In the second place, appropriation is dialectically linked to the objectification characteristic of the work. It is mediated by all the structural objectifications of the text; insofar as appropriation does not respond to the author, it responds to the sense. Perhaps it is at this level that the mediation effected by the text can be best understood. In contrast to the tradition of the cogito and to the pretension of the subject to know itself by immediate intuition, it must be said that we understand ourselves only by the long detour of the signs of humanity deposited in cultural works. What would we know of love and hate, of moral feelings, and, in general, of all that we call the self if these had not been brought to language and articulated by literature? Thus what seems the most contrary to subjectivity, and what structural analysis discloses as the texture of the text, is the very medium within which we can understand ourselves.

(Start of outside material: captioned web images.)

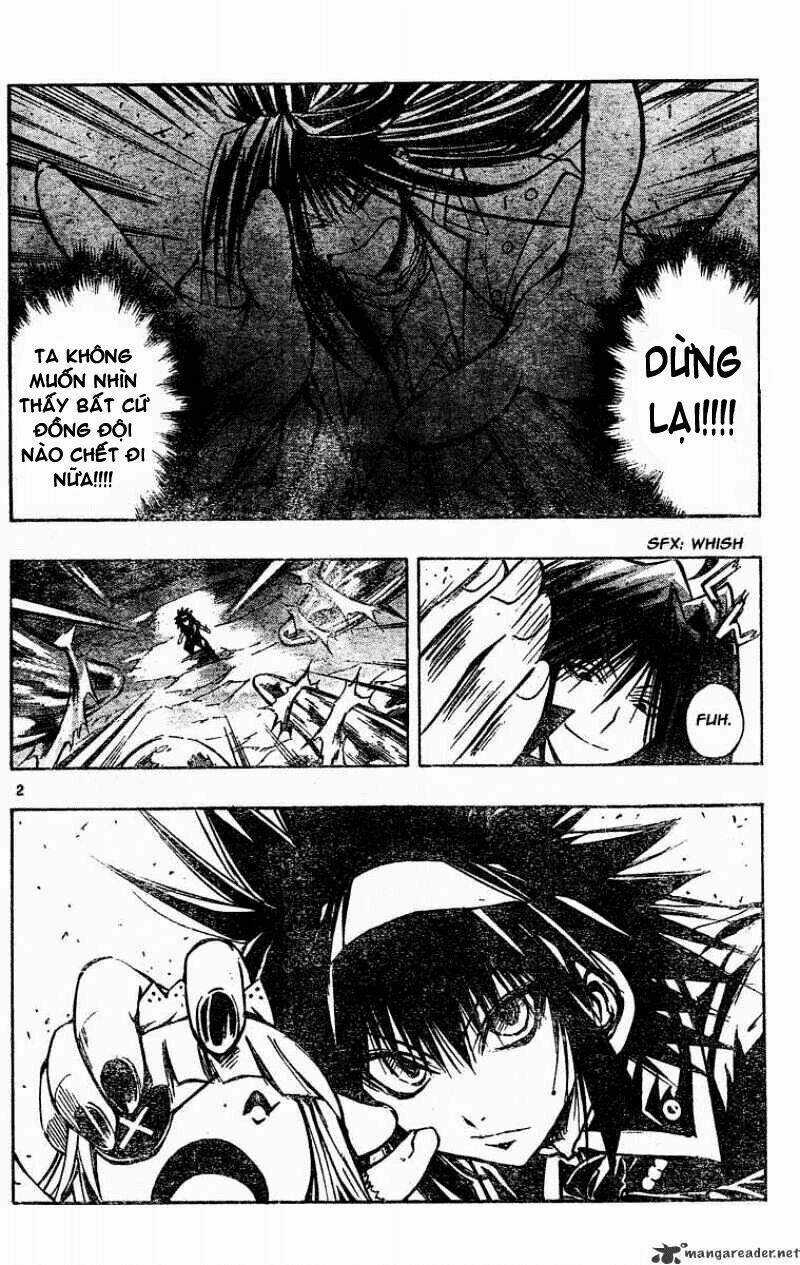 MIXiM★11 Chapter 113 trang 2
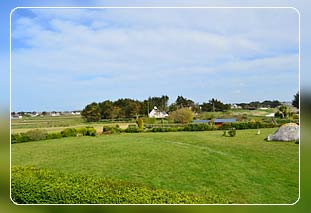 Bretagne Ferienhaus in  Kerlouan - Bild 07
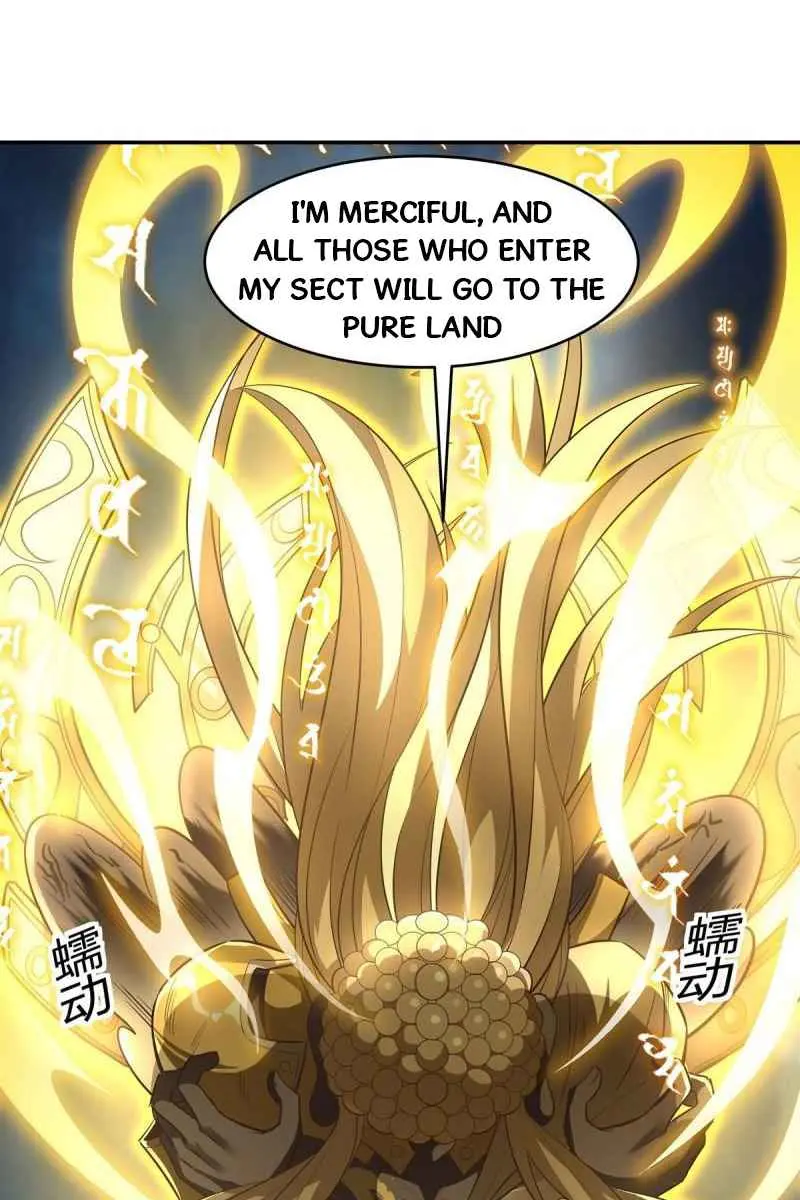 My Female Apprentices Are All Big Shots From the Future Chapter 67 Page 33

Above all, the vis-á-vis of appropriation is what Gadamer calls 'the matter of the text' and what I call here 'the world of the work.' Ultimately, what I appropriate is a proposed world. The latter is not behind the text, as a hidden intention would be, but in front of it, as that which the work unfolds, discovers, reveals. Henceforth, to understand is to understand oneself in front of the text. It is not a question of imposing upon the text our infinite capacity for understanding, but of exposing ourselves to the text and receiving from it an enlarged self, which would be the proposed existence corresponding in the most suitable way to the world proposed. So understanding is quite different from a constitution of which the subject would possess the key. In this respect, it would be more correct to say that the self is constituted by the 'matter' of the text" (Ricoeur 1991:87-88).
Ricoeur, Paul
1991[1986] From Text to Action: Essays in Hermeneutics, II. Kathleen Blamey and John B. Thompson, trans. Evanston, IL: Northwestern University Press.